> What the exercise asks: Starting with the line that contains "Chlo&eacute; Spin Shoulder Bag Female UNI" and ending with the final line of the data below, print those lines exactly and nothing else.

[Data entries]

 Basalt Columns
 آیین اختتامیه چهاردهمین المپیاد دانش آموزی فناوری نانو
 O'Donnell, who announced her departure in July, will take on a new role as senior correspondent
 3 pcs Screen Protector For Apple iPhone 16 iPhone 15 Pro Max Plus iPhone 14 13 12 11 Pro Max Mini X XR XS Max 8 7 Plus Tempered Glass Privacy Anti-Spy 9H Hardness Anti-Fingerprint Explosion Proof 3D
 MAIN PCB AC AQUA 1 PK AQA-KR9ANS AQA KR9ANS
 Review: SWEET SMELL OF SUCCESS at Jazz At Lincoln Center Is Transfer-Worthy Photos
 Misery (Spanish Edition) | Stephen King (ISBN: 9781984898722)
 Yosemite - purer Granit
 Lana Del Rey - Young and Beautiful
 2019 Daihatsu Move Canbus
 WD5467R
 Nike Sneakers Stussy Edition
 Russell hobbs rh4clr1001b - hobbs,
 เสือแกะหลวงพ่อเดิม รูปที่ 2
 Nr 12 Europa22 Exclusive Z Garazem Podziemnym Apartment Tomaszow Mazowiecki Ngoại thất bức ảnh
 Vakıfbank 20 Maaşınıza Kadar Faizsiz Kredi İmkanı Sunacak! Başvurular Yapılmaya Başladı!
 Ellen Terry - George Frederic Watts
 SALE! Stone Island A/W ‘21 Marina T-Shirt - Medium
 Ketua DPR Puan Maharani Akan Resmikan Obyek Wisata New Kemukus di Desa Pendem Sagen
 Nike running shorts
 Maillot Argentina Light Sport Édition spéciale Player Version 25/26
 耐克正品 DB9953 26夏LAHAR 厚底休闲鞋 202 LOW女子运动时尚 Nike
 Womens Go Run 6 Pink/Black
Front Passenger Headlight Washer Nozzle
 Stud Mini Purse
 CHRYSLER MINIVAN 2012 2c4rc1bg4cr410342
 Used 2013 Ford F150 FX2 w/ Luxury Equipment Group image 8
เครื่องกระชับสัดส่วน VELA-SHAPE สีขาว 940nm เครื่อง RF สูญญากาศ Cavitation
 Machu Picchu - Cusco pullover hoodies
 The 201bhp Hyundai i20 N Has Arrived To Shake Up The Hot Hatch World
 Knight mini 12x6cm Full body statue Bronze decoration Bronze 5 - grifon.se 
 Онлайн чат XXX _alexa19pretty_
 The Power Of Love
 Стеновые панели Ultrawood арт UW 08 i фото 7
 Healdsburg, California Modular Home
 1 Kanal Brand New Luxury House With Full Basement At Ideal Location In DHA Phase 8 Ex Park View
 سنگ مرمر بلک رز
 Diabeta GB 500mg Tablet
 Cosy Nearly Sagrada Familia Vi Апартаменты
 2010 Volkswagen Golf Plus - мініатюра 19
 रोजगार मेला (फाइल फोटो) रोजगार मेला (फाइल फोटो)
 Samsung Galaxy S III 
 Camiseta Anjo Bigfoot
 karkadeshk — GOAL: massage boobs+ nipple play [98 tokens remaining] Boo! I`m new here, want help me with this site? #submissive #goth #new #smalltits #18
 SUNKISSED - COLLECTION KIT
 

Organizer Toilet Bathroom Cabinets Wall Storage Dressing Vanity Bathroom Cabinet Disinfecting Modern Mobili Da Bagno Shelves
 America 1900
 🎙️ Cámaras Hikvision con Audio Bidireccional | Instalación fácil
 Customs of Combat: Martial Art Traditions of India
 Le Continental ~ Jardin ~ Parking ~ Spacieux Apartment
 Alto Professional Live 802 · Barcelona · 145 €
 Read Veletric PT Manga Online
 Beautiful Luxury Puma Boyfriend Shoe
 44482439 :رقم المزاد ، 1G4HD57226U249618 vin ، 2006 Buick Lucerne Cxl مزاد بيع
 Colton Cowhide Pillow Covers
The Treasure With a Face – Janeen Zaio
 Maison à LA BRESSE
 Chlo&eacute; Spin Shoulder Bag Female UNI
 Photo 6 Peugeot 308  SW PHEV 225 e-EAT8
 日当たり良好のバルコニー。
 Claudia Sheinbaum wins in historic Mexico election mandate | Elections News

> The answer:
 Chlo&eacute; Spin Shoulder Bag Female UNI
 Photo 6 Peugeot 308  SW PHEV 225 e-EAT8
 日当たり良好のバルコニー。
 Claudia Sheinbaum wins in historic Mexico election mandate | Elections News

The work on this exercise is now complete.